Two decades after the New Labour landslide of 1997, egged on by the all-embracing support of Murdoch's newspapers, Corbyn has exposed the waning political influence -- if not impotence -- of the once mighty press barons.
Rapidly declining newspaper sales, an ageing print readership, and the inexorable rise of a younger generation of voters largely out-with the reach of mainstream media, are combining to finally put paid to the effectiveness of the scares and smears that for so long have been the daily fare of a Labour-hating mind set nurtured in the Fleet Street of old.
Having worked for fifty years alongside journalists and columnists writing to agendas set by newspapers such as the Sun, Daily Mail, Daily Express and Daily Telegraph, I can sense their all-too sudden loss of authority; gone are the days when the line taken by their newspapers could swing voter sentiment or put the Labour leadership on the defensive.
If Jeremy Corbyn was the unintended beneficiary of the vilest general election reporting of my lifetime, then Theresa May was the true casualty of the bile spewed out by Conservative-supporting newspapers.
She was so cocooned by the deadly embrace of the anti-Corbyn hate of Paul Dacre’s Daily Mail and Rupert Murdoch’s Sun that she was duped into thinking that having been crowned a popular hero by the UK’s two biggest selling tabloids, voters were bound to agree.
Press adulation is seductive for any Prime Minister. May was lauded from the moment she stood for the party leadership and then promised to deliver a hard Brexit.
The 52-48 Leave vote was seen by the Brextremist press – Sun, Daily Mail, Daily Express and Daily Telegraph – as their crowning achievement, an outcome that would not have been delivered if it had not been for their relentless 30-year demonisation of the European Union.
The fatal mistake of May and her team was a failure to realise the extent to which young people who felt their future had been stolen by Brexit were becoming highly politicised, and that unlike their parents, they relied on social media rather than the press.
Where Britain’s Conservative-supporting newspapers differ from the free press in so much of the western world is in their well-honed role as rabid propagandists.
As polling day approaches in the 2017 general election, the name of the game is to play down the flow of bad news that will become a tsunami with the looming prospect of a hard Brexit.
Any mention of the downside of the Leave vote in the 2016 EU Referendum is being quietly side lined by the Tory tabloids in the final weeks of the general election campaign.
In a calculated display of support, Theresa May’s staunchest cheerleaders are ignoring the impact of the transfer of bank and finance jobs to Frankfurt, Dublin, Paris and the like; the loss of academic and research funding; the falling off in industrial investment; or the steady drift away in skilled EU workers.

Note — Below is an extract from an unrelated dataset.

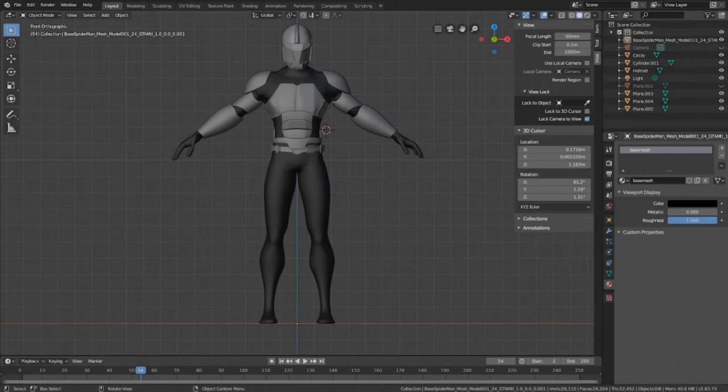Hey guys, this is Colby. Today I'm going to show you how to model the leg armor for your character using the annotation tool. Let's get started.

Instead the Sun, Daily Mail, Daily Express and Daily Telegraph trumpet the positive message that a government under the “strong and stable leadership” of Prime Minister May will get the best deal for the UK from the Brexit negotiations.

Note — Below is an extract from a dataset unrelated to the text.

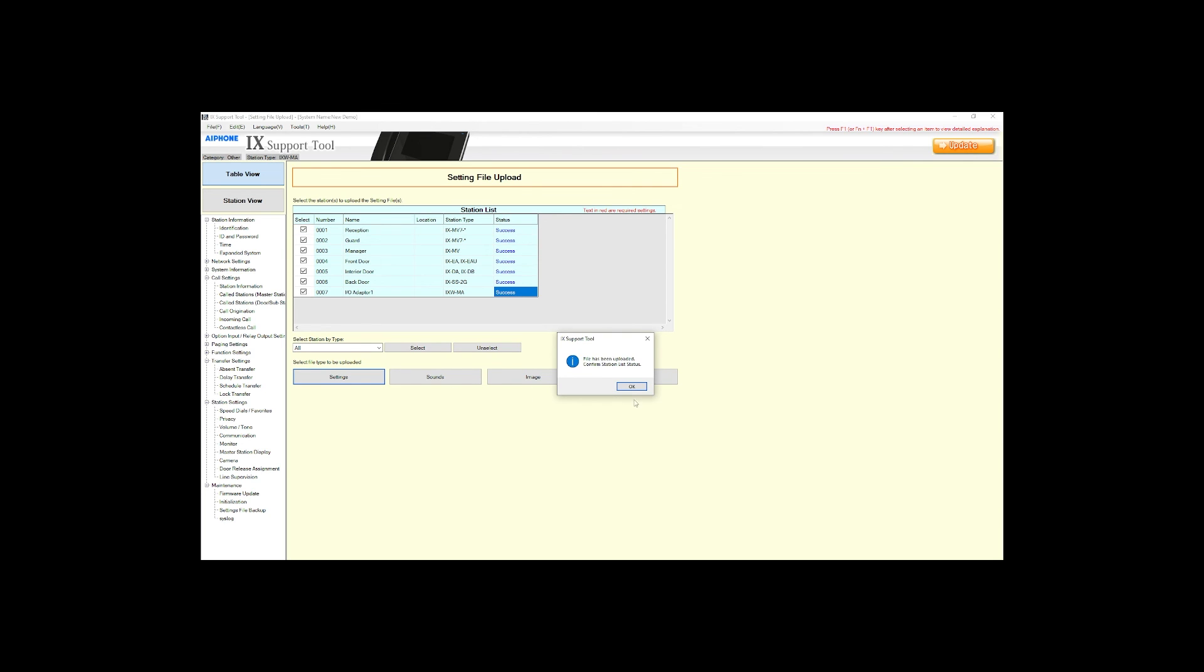And we're done. The transfer and re-transfer settings will now be active. Thank you for watching.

When debating the role of broadcasters during the EU Referendum and its aftermath, my prediction has been that Brexit press cheerleaders like the Sun, Daily Mail, Daily Telegraph and Daily Express will become ever more strident once Theresa May has triggered Article 50.

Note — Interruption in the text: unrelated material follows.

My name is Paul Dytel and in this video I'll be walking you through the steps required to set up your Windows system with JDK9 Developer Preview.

Little did I know that within days, ultra-Brexiteers such as Iain Duncan Smith, John Redwood and Theresa Villiers would be adding their names to a parliamentary broadside about the anti-Brexit bias of the BBC’s coverage.
Timing was significant because it coincided with the final confirmation that the Prime Minister intended to trigger Article 50 on March 29, 2017;
The Brexiteers’ reasoning in putting the frighteners on the BBC could not have been clearer: they are determined to do all they can to undermine, if not curtail, any attempts by broadcasters to explain the full economic impact of the UK leaving the European single market and customs union.